Once these basic items are ruled out, it might be time to speak with your internal IT department. There are specific network recommendations that may help to optimize the ArcGIS Platform, and system architecture design may need to be reevaluated to ensure that peak traffic loads can accommodate user performance requirements, as described in System Design Process: Network Communications.
Lost License Connections
Possible solutions for this error included increasing the license timeout, borrowing licenses as opposed to continually hitting the license server, or hosting ArcGIS Pro licenses on ArcGIS Online, see:
- Problem: Concurrent Use ArcGIS clients are unable to connect to ArcGIS License Manager when network speeds are slow or while connected to a VPN
- License Manager Guide: Configuring license borrowing
- How To: Manage ArcGIS Pro licenses with ArcGIS Online
ArcGIS Desktop Errors
- Drawing performance in ArcMap may be improved by using a desktop-side feature cache. See: Working with the feature cache
- Consider migrating workflows to ArcGIS Pro if possible, it is less network intensive than ArcMap, and licenses can be hosted in ArcGIS Online.

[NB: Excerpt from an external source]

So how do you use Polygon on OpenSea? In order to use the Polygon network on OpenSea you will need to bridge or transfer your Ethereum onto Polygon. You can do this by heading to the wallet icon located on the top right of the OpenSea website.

- Create a local replica of the Enterprise geodatabase, and sync the replica later, after edits have been finished.
- Clear the Display Cache. The display cache facilitates panning and zooming in the existing map but if the cache is retained instead of being cleared from one map to the next, there is a big performance hit. In ArcMap, click Customize > ArcMap Options. On the Display Cache tab, click Clear Cache.

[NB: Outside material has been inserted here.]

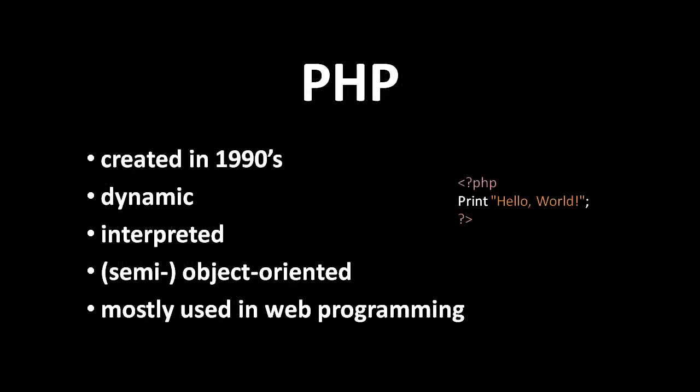PHP is yet another Perl-like dynamic interpreted language from the 1990s. PHP owes most of its popularity to the fact that, in the late 90s, it by far had the easiest learning curve if you wanted to get into web programming.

- Clear out the geoprocessing history: go to Geoprocessing > Geoprocessing Options, and under Results Management, change the setting to Never Save or Keep results younger than 1 Day.
General Database Connection Errors
- Make sure the RDBMS client software is running and configured to allow remote connections.
- Ensure that you are current on database maintenance and patches.
- Run scheduled tasks to perform database maintenance overnight.
The following tests may help narrow the source of the problem, and help your technical support representative remediate the issues:
From the Command Prompt:
- Ping the database server, note the reply times and any packet loss.
- Run tracert. How many hops? Are there any request timeouts?
Note: When running commands, use the IP address of the server, instead of the HOSTNAME.
- If connecting to a database, telnet the server with the port number the database is listening on. Is it clear?
- Review firewall settings and/or group policies, however it is not advised to disable them, even for testing.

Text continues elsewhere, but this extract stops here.